PROMPT
Here is the task for the records below: repeat exactly the lines from the one with "Formatt-Hitech Rabattkode" to the one with "used 2019 Volkswagen", both included, and nothing else.

INPUT
______

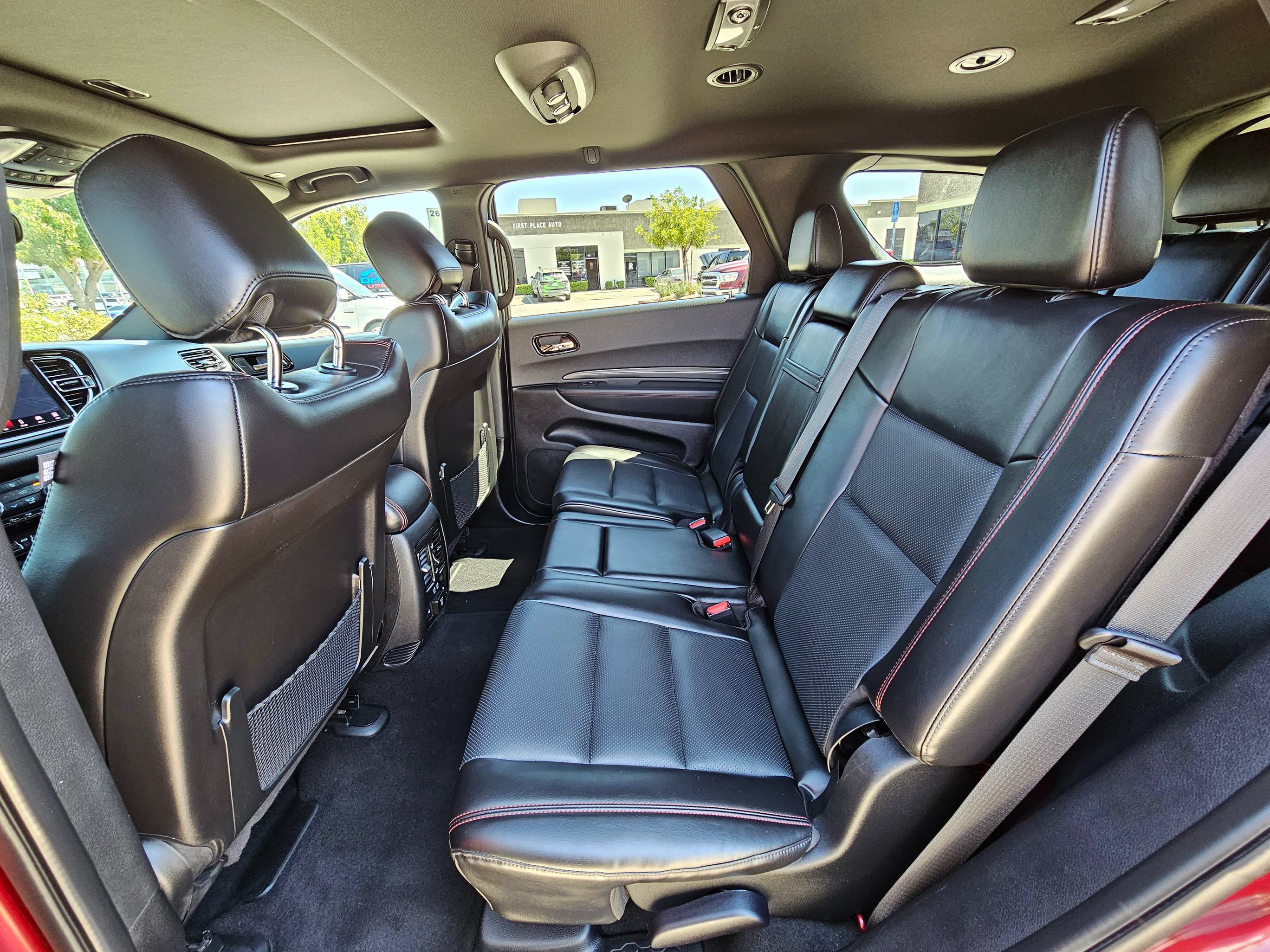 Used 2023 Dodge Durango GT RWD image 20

______

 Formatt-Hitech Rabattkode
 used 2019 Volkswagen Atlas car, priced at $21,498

______

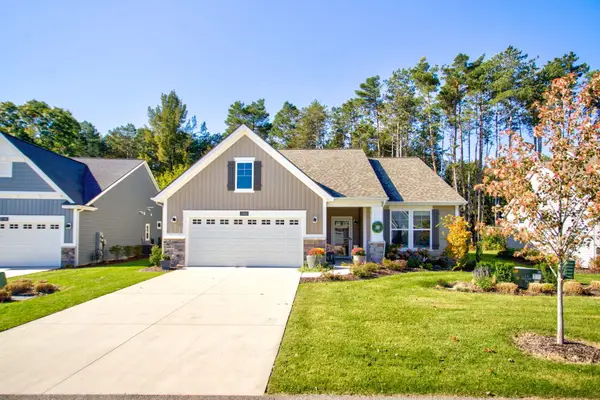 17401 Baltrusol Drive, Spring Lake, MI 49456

______

RESPONSE TO THIS EXERCISE
 Formatt-Hitech Rabattkode
 used 2019 Volkswagen Atlas car, priced at $21,498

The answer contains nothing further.